Monday, May 16, 2005

Safety online

I have been reading Will's posts here and here on schools that have banned Xanga and similar sites. A constant theme is tht children/teens give out all sorts of personal information on those sites and are, therefore, just waiting for a pedophile to find them. So the schools don't allow access to the sites at school.

Now, I must preface my remarks by saying that I am a parent and a grandparent. I have been a teacher my whole life, it seems. I am very concerned about the safety and well-being of my own family and of all the children in the world. But I think we are making a mistake here with the line of reasoning used by the schools.

I think that the best protection that we can give our young people is to deal with the issues head on. Yes, there are pedophiles out there who may be reading their posts. So how can they learn to protect themselves? If students are out there using Xanga on their own with no one talking to them about how to do it responsibly, they are much more vulnerable than if they are blogging in school and learning about the dangers and the ways to avoid or at least limit the possible problems. They also have an adult to whom they can talk about things that happen on their blogs, like inapppropriate comments and such. Anne Davis writes in connection with her elementary school students:
The last time an inappropriate comment happened the student brought it to the attention of the Instructional Technology Specialist. Now that occurred because we had previously talked to the students about the possibility of receiving inappropriate comments. Together with the students we made a plan of action for how we would handle it. Basically we decided:

1. We would not respond to the irresponsible commenters. We would ignore them.
2. The student would report any inappropriate comments to the teacher.
3. The teachers would delete inappropriate comments, if they found them first but would discuss the matter with the owner of the blog and with the group, if appropriate.
4. We agreed that it was unfortunate that the commenter had not used common sense and we would try to set good examples on our blogs.

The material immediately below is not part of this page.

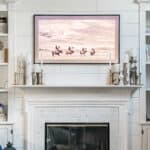 Samsung Frame TV above fireplace on shiplap wall with pictures of a western black and white scene on the tv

If my grandson, who is almost nine, wanted to blog, I would much prefer that he do it with me or with his parents or his teacher to guide him than to think he was out there just doing it on his own.

Do we really think banning Xanga and similar sites from schools means the young people aren't out there using them? If anything, I would expect that more teens would try it out because it was banned!

It is reminiscent to me of the arguments about sex ed in schools or birth control for teens. If we ignore the "problem", it won't just go away.

1 comment:

Marilee Scott said...

This is such a tricky question because the adults who would like to try to police such use by their children or students are often so unable to understand either the technology or the impact that the technology is having on the way children live now.

I generally agree with you that informed discussion is the best way to manage problems down the road, but so many teachers and parents simply don't know what kinds of plusses and minusses there are in an online life--and think, not unreasonably, when it comes down to it, that the kind of publicness that comes with writing online might be inappropriate or dangerous for an child.